津波被害を受けた農地約2.4万haのうち、政府は約4割が今年度末までに営農再開が可能になるとしているが、JA全中の調べでは、復旧しても普通に営農ができない状況だったり、営農再開といっても作業の一部を再開できるにすぎない状態も含まれているという。 萬歳会長はこうした現状にも関わらず「復興が進んでいるかのような報道や被災地のことを忘れたようなまったく感度の違う発言もある」と批判、「復興よりも先にやるべきことはないと思う、というのがわれわれの主張」と強調した。
復旧・復興の遅れは関係予算の執行状況にも現れている。23年度の関係予算(4次補正を除く)15兆円のうち執行率は60.6%。農水省関係予算は1.5兆円だが、執行率は40%にとどまっている。
その要因について冨士重夫JA全中専務は「復興計画は自治体任せで現場への国の関与が不十分」なことを挙げ「国が責任と自覚を持って推進していくべきだ」と訴え、とくに人的支援の強化が重要だと指摘した。
24日に岩本司農水副大臣にJAグループ代表が要請をした際、JA宮城中央会の菅原章夫会長も「被災農家の経営再開支援事業は評価できるが交付金などの手続きに時間がかかることなどに苦労している」と国のマンパワーが不足している現状を訴えた。
◆風評被害対策も急務
原発事故の被害も深刻化している。
JA岩手県中央会の田沼征彦会長は牧草の除染が進んでいない現状や東電の賠償金支払いも滞っていて「生活できない」農業者もいる苦境を要請で強調した。
JAグループは昨年4月から東電に対して損害賠償請求を開始。6月末現在、19都道県協議会が請求した。請求額は2306億円だが、6月末までに支払われたのは1523億円で一部請求については支払いが滞っているという。また、今年からは請求から2カ月後に本払いをすると東電は方針を示したが、「まったく実施されていない」(冨士専務)という。
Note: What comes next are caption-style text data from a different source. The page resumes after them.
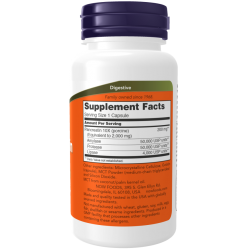 Pancreatin 2000 mg 100 Capsules Pancreatin 2000 mg 100 Capsules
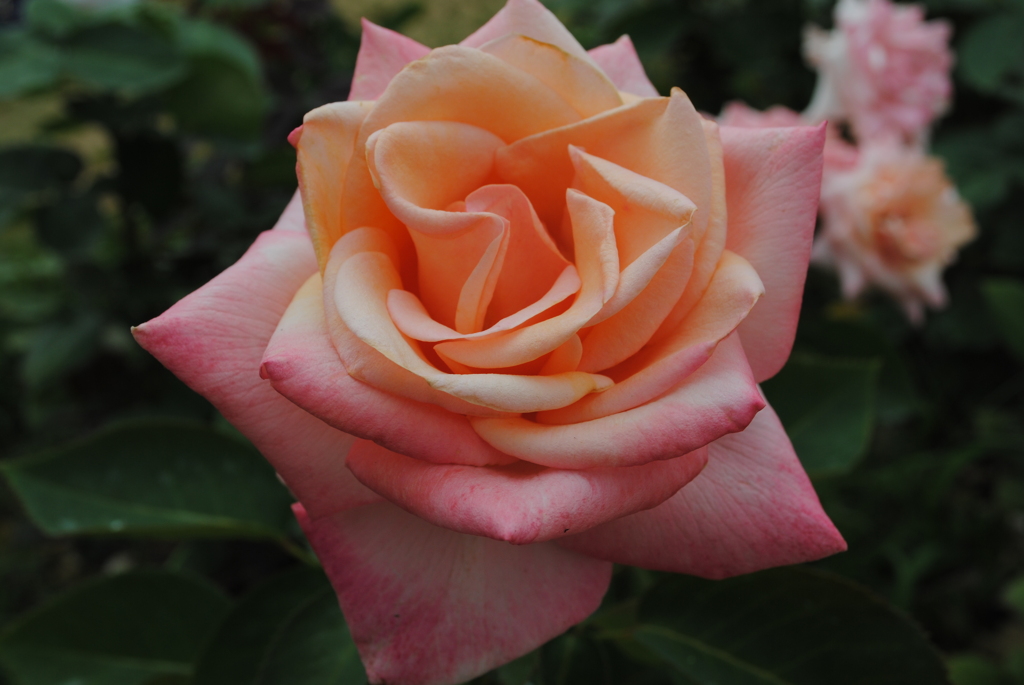 薔薇⑧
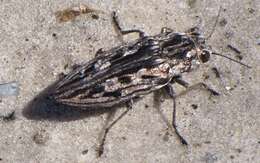 Chalcophora virginiensis (Drury 1770)的图像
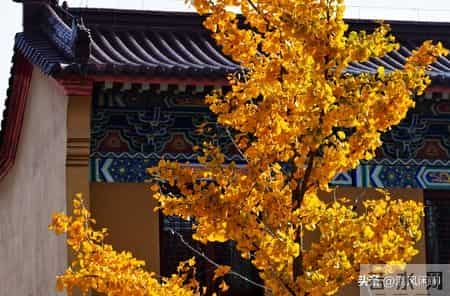 我发现男人到了60岁，如果还能占以下十条，绝对是人生赢家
放射能に汚染された稲わら処理なども動いていない。宮城県の菅原会長によると、県内で汚染稲わらが4700t、たい肥が4万t、牧草が9000t滞留しており、最終処分も決まっていない状況だ。
JA福島中央会の庄條【徳】一会長はこの冬、「寒いなか2万本の果樹を高圧洗浄し、水田の天地返しもするなど、農家はやることはすべてやった。検査をして安心・安全にもかかわらず風評被害は一向に収まらない」と強調した。
東京市場における牛枝肉卸売価格(和牛去勢)の全平均価格はこの6月で1kgあたり1669円と1年前の1400円台から回復した。しかし、福島産は同1307円と全国平均を大きく下回っている。
庄條会長は「検査で(新基準値の)100ベクレル以下なのに、なぜ差別されるのか。安全が確認されているのに、お客さんに安全です、と訴えながら販売しなければならないのははなはだ遺憾だ」と憤りも現し、岩本副大臣に対して正当な評価による販売を流通業界に指導することを求めた。
岩本副大臣は農水省だけでなく関係省庁連絡会議での協議にも要請を反映させるなどと話した。
要請項目は以下のとおり。
○復興推進体制の強化、○営農再開支援対策、○活力ある農業づくりに向けた農地等の整備対策、○国産農畜産物の安全性確保、信頼回復対策、○風評被害対策、○農地と農業生産の再生・確保対策、○稲わら、牧草、たい肥、乾燥椎茸等の一時保管・最終処分対策、○米の検査・隔離・処分対策、○東電および国による迅速かつ万全な損害賠償、○損害賠償金に対する税制特例の措置。
※【 】内の字は正式には旧字体です。